#### [Entries supplied]
- Opening Delimiter -

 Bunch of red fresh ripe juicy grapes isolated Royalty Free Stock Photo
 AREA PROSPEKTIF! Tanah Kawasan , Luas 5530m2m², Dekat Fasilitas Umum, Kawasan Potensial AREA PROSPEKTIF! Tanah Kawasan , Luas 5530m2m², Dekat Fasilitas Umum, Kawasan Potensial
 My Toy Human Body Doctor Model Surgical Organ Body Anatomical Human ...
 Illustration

- Closing Delimiter -
- Opening Delimiter -

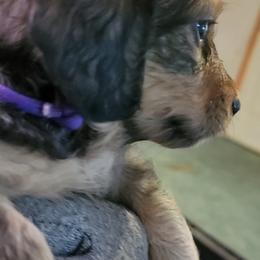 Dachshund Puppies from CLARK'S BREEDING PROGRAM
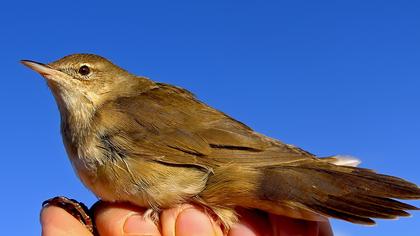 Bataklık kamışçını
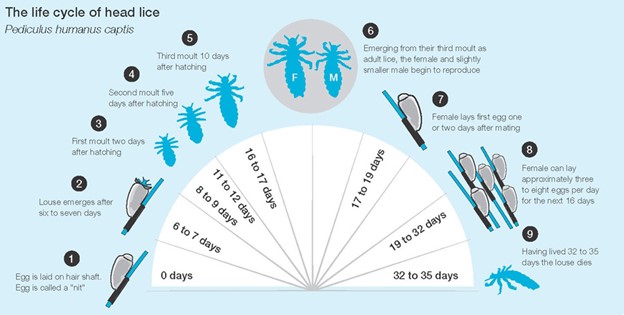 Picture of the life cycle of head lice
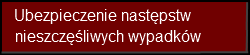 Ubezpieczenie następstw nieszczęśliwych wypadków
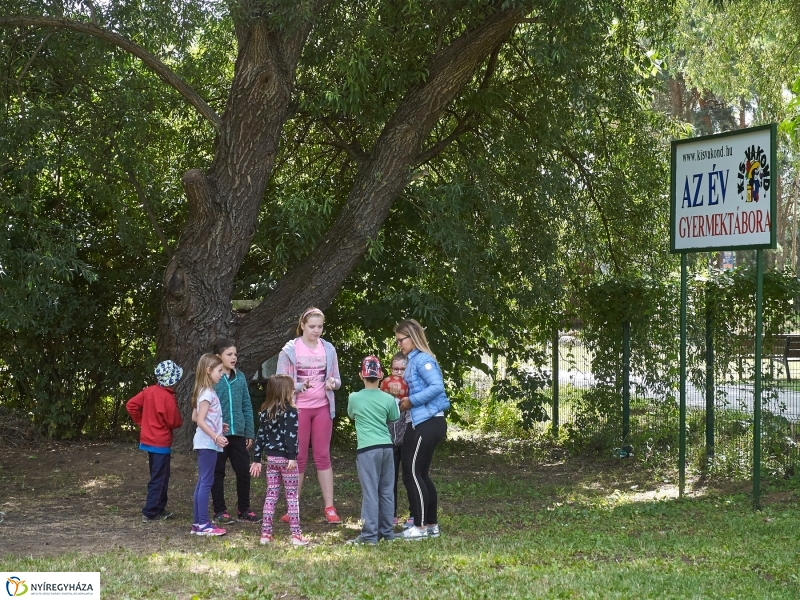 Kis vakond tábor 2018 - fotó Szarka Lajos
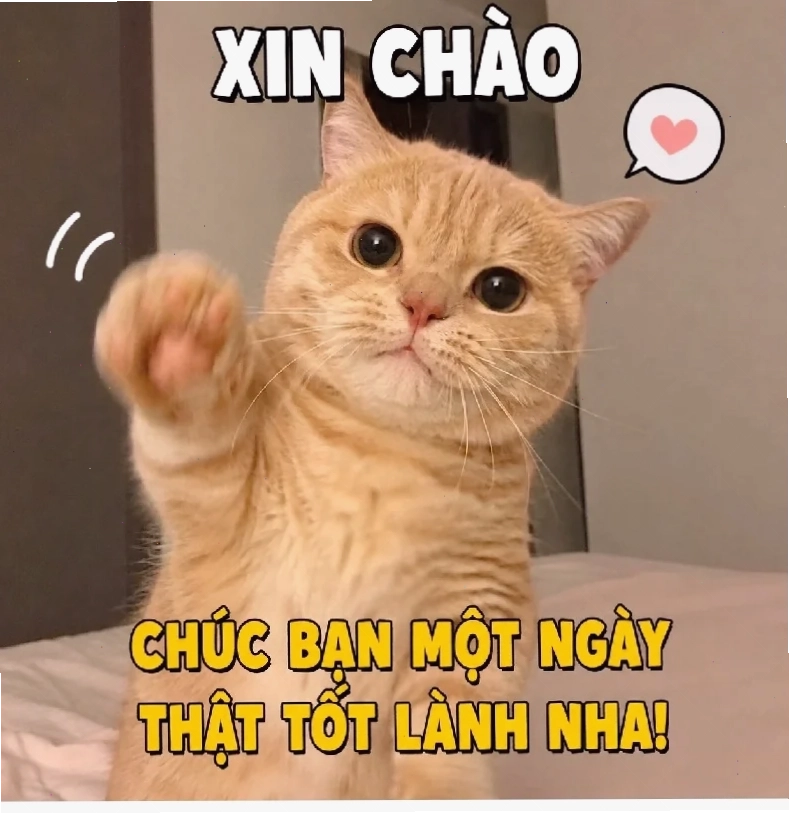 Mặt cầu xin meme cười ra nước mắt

- Closing Delimiter -
- Opening Delimiter -

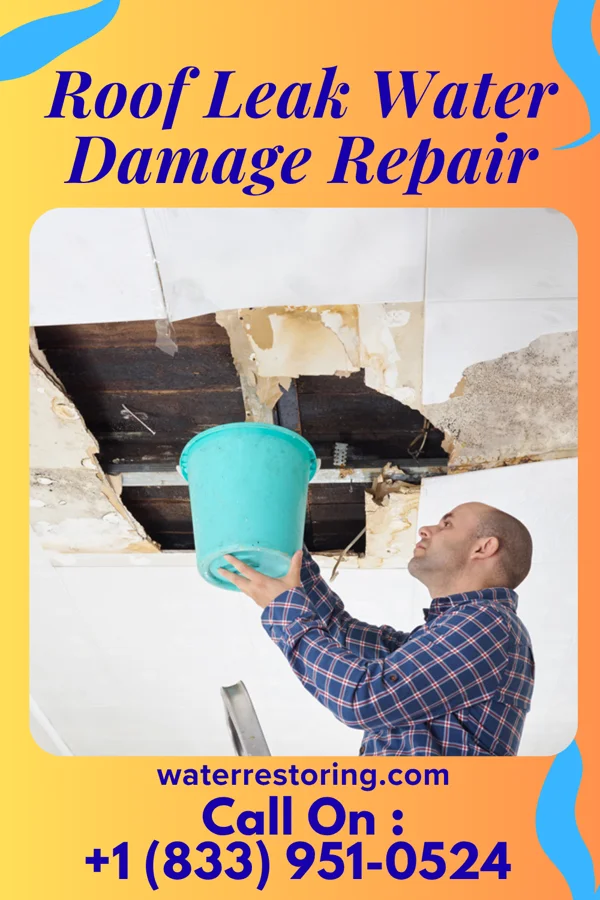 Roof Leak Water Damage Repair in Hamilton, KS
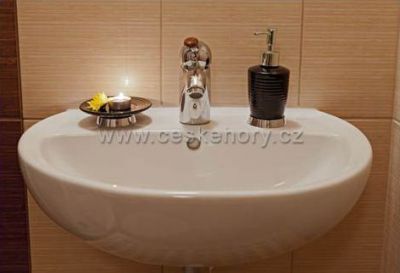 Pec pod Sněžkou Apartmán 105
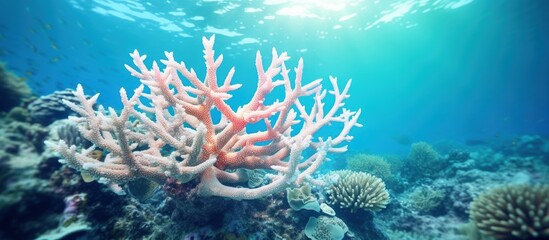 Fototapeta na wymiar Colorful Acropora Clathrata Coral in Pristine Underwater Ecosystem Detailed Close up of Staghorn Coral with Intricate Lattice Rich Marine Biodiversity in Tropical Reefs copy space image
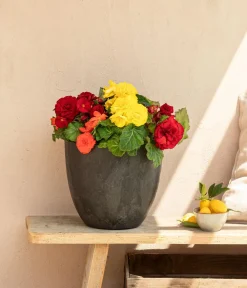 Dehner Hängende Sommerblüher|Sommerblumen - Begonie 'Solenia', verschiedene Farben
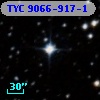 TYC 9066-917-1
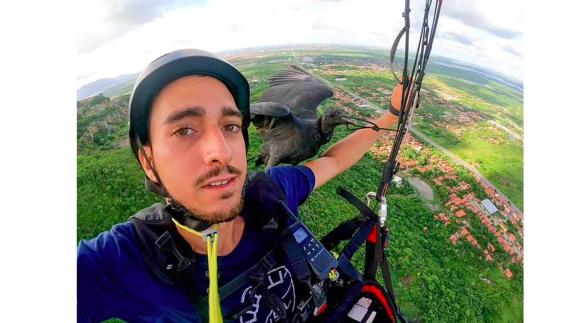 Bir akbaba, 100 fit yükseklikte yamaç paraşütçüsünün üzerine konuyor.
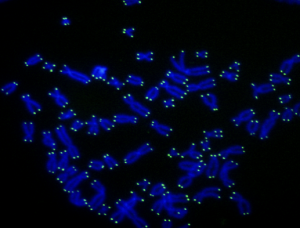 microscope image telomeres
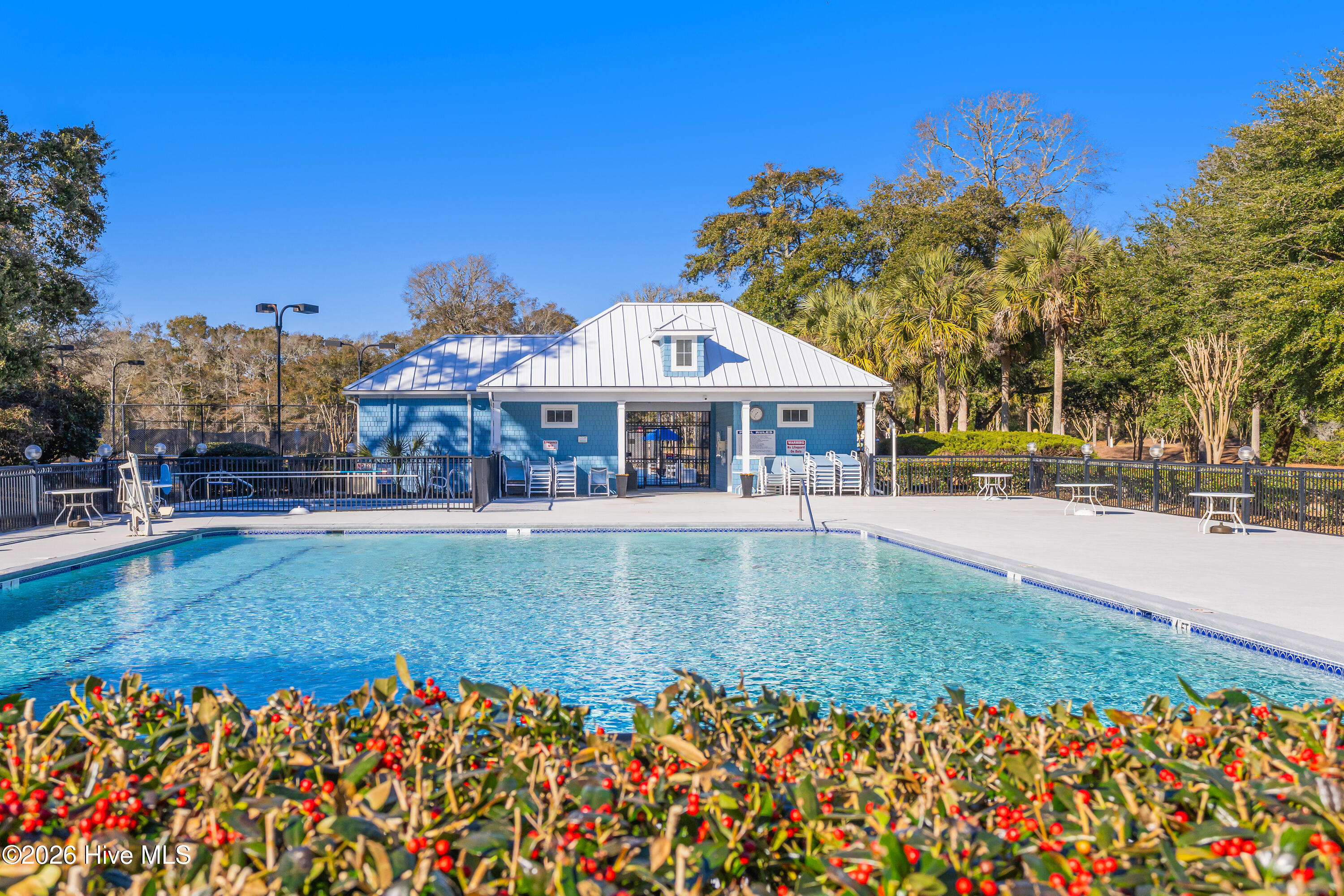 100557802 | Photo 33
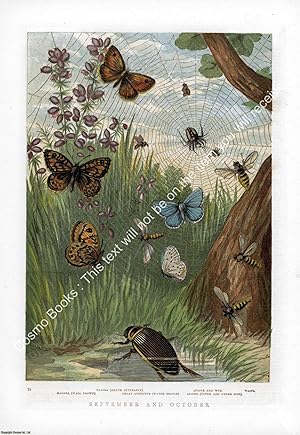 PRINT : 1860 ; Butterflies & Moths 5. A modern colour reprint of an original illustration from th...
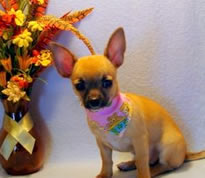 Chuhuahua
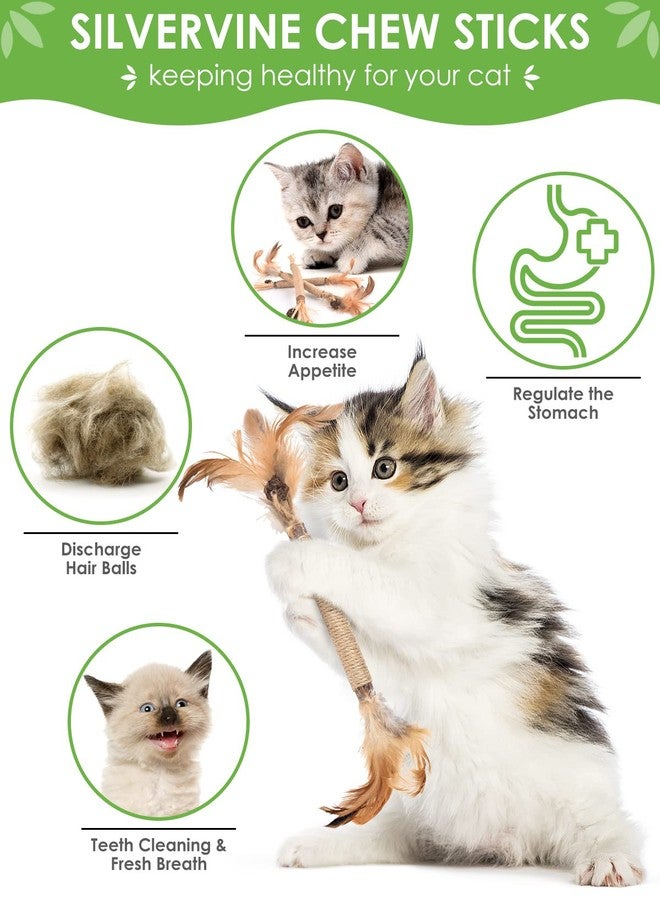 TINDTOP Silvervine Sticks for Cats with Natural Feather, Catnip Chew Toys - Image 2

- Closing Delimiter -

#### [Problem to work on]
Restate word for word the entries above, starting at the line with "Kawasan Potensial AREA" and ending at the line with "My Toy Human", inclusive, and no others.

#### [Solution to this task]
 AREA PROSPEKTIF! Tanah Kawasan , Luas 5530m2m², Dekat Fasilitas Umum, Kawasan Potensial AREA PROSPEKTIF! Tanah Kawasan , Luas 5530m2m², Dekat Fasilitas Umum, Kawasan Potensial
 My Toy Human Body Doctor Model Surgical Organ Body Anatomical Human ...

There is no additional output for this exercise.